Even if one chose a particular incarnation it would be no reason or excuse to show lack of compassion or inflict abuse on anyone - quite the opposite it seems to me.
 

EZ Linus

Cleared Tomato
This was the very reason I hid my own illness from my friends, hid out in my house for months during the first signs and symptoms, and why I saw seven different doctors hoping for a different opinion, all before I let the news leak. I knew what the consequences were - bridge wise, but worse yet - people were going to become callus and think I pulled it in.
 

Gizmo

Rabble Rouser
Well, scientologists seem to have a never ending supply of ways to show how utterly stupid they are.

How many scn'gists are willing to acknowledge that dear old Doctor Hubbard " pulled in " his motorcycle accident that banged him up pretty good, a heart attack, and a stroke or two ?

Or that dm " pulled in " his lifetime of asthma ?

Let's not get into mass genocides that have happened - or even the 500 years of the Inquisition ?
 

Tuppence

Patron
There are dangers of any thought or belief. So much can be so easily misunderstood, twisted and perverted from it's original meaning.

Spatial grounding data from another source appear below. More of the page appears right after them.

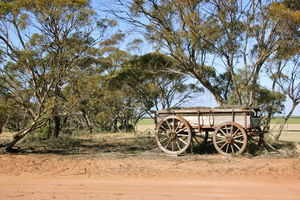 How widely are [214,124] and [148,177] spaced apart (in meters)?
3.33

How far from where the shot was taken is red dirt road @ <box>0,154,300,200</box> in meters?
5.75

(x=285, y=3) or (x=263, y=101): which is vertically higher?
(x=285, y=3)

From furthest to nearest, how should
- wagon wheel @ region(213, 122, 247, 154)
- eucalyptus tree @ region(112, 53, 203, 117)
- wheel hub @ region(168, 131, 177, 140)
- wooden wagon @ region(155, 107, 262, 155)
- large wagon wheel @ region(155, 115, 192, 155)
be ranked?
eucalyptus tree @ region(112, 53, 203, 117) → wheel hub @ region(168, 131, 177, 140) → large wagon wheel @ region(155, 115, 192, 155) → wooden wagon @ region(155, 107, 262, 155) → wagon wheel @ region(213, 122, 247, 154)

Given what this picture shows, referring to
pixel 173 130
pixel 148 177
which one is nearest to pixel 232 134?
pixel 173 130

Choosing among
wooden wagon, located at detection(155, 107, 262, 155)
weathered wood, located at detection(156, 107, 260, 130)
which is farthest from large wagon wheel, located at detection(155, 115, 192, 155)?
weathered wood, located at detection(156, 107, 260, 130)

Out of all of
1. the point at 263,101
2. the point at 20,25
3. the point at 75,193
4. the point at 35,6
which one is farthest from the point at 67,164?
the point at 263,101

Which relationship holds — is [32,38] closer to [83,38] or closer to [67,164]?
[83,38]

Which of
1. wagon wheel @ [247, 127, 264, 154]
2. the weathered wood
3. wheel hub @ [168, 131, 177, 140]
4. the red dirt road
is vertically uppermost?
the weathered wood

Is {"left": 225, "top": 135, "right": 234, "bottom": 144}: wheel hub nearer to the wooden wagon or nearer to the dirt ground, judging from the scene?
the wooden wagon

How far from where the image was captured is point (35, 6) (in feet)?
37.3

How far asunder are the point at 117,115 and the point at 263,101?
1320cm

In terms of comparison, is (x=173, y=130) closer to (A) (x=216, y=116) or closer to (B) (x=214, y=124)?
(B) (x=214, y=124)

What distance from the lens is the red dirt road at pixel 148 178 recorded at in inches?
227

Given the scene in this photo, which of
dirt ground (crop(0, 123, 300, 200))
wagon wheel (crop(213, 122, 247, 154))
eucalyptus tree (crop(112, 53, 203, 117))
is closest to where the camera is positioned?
dirt ground (crop(0, 123, 300, 200)) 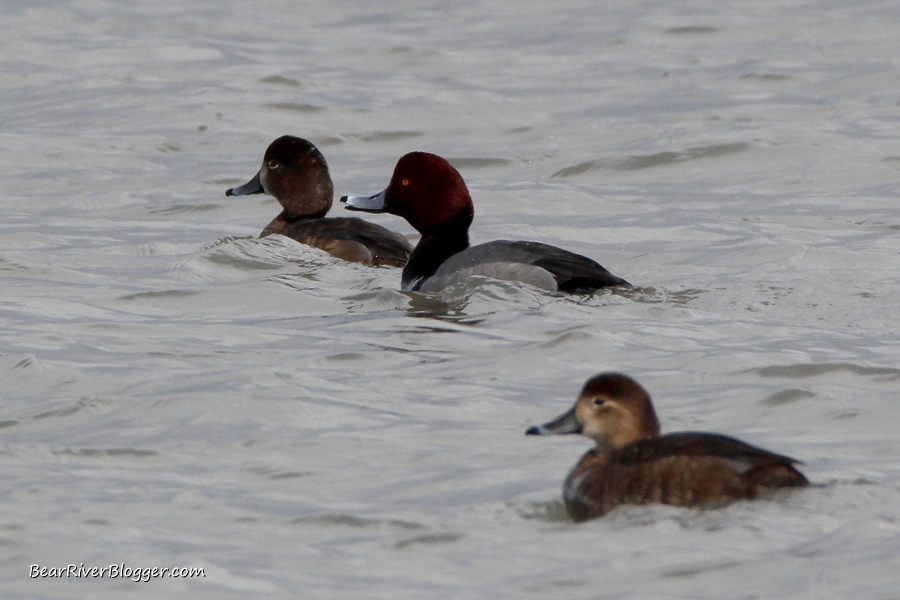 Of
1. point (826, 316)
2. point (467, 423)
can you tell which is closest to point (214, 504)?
point (467, 423)

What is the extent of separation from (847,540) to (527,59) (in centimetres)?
1197

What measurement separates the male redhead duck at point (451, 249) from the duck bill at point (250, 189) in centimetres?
131

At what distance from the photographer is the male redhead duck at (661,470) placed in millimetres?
4273

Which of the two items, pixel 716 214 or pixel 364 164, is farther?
pixel 364 164

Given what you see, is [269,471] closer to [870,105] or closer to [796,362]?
[796,362]

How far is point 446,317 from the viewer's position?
729 cm

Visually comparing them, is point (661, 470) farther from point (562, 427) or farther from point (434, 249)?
point (434, 249)

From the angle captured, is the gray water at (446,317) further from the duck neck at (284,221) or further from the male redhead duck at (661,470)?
the duck neck at (284,221)

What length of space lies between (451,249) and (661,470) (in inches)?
158

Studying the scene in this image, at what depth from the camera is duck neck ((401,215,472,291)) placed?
7.97 meters

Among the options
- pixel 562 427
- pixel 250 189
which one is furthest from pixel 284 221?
pixel 562 427

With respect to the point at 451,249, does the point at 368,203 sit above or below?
above

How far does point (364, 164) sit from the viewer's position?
12438 mm

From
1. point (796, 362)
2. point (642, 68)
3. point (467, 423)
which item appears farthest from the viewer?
point (642, 68) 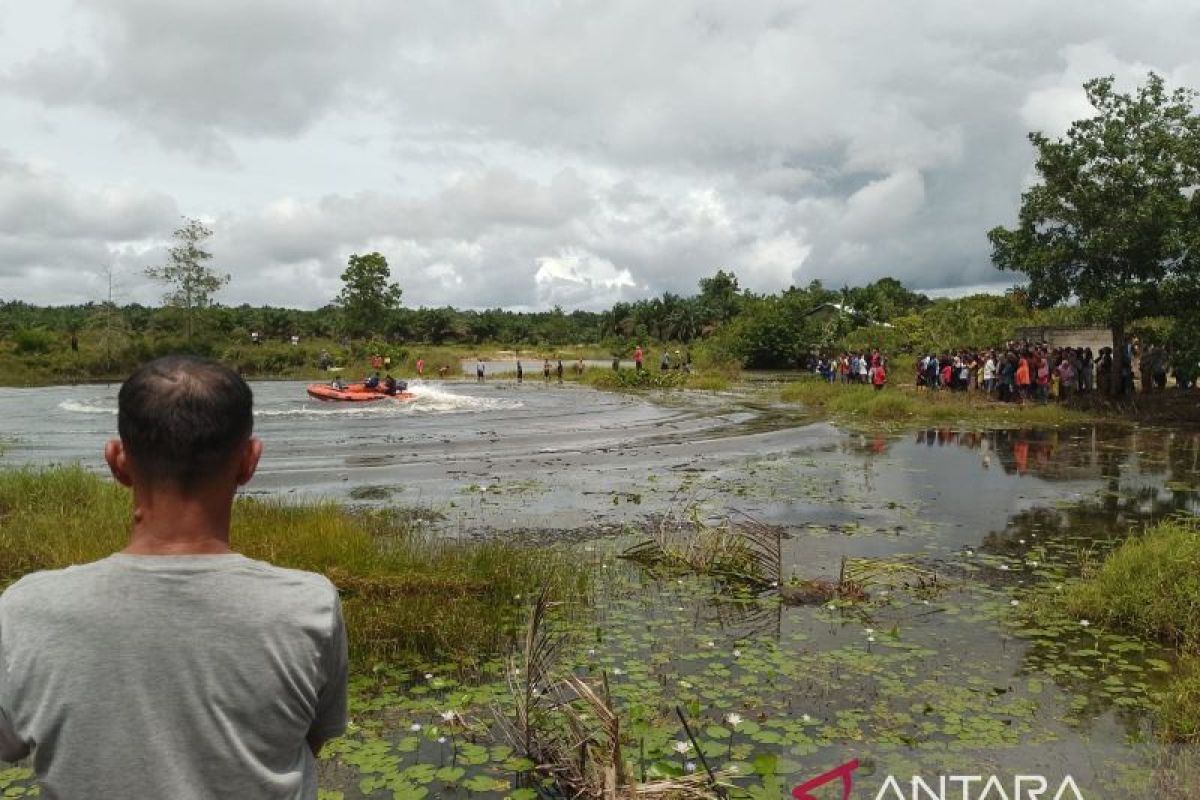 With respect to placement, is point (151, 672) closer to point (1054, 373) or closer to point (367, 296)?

If we turn this quote on its head and I share some personal information here, my youngest was born dead, and she got better. She has defied all odds, and they were pretty heavily stacked against her, but perhaps she chose this life full of the challenges she chose, not because she's an evil person or sp, she did not "pull in" anything, rathe she chose this life to help teach. To teach the world love, compassion, hope, reaffirm why they chose to do what they do. She chose the beauty of the difficult life because she wants so badly to show the world the "impossible" does not HAVE to be impossible, just improbable. The quote still applies, but now if we think of the beauty in it, we see she's not bad, evil or suppressive, My daughter is AMAZING, strong, beautiful and a teacher, restorer of purpose, faith and hope. The exact opposite of what some might think upon hearing the quote.

I do not mean to play the devils advocate, between my mother (a declared SP) and Scientology I have heard this a lot while growing up, and perhaps I have perverted the meaning, but I like how I see it, because to me this can be a wonderful thing.